**Material provided**
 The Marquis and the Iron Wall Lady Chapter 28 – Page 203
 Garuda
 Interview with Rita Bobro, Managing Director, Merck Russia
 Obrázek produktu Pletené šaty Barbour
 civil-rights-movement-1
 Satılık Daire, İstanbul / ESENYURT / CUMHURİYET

* * *

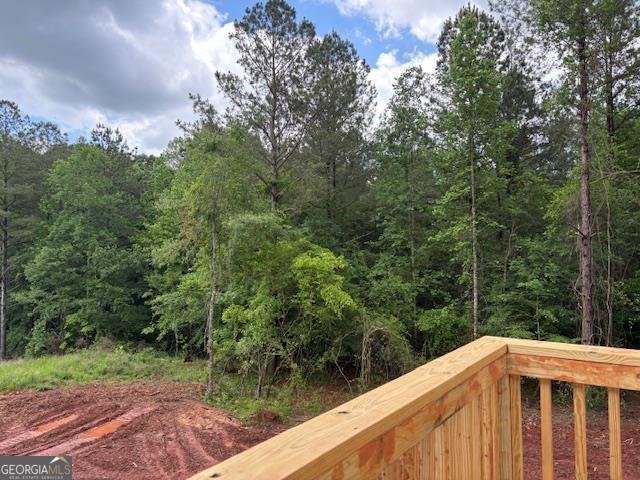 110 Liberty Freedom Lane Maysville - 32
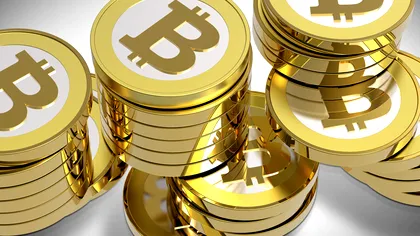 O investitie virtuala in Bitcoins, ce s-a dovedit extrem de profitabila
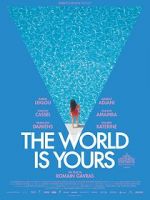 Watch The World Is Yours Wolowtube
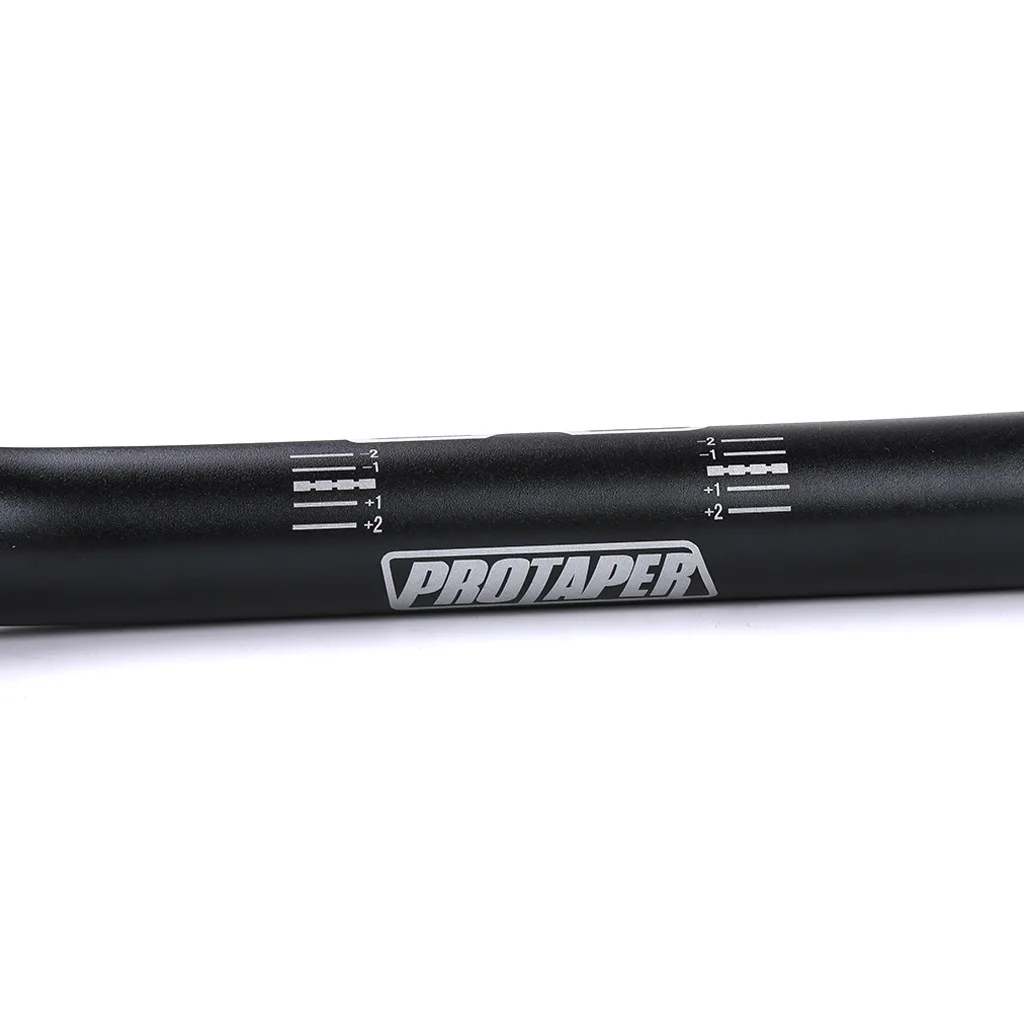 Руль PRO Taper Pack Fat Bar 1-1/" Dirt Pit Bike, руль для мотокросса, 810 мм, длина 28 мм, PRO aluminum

**Problem to solve**
Using the records above, restate word for word the lines from the one with "The Marquis and" through the one with "Satılık Daire, İstanbul", both included.

**Solution to this exercise**
 The Marquis and the Iron Wall Lady Chapter 28 – Page 203
 Garuda
 Interview with Rita Bobro, Managing Director, Merck Russia
 Obrázek produktu Pletené šaty Barbour
 civil-rights-movement-1
 Satılık Daire, İstanbul / ESENYURT / CUMHURİYET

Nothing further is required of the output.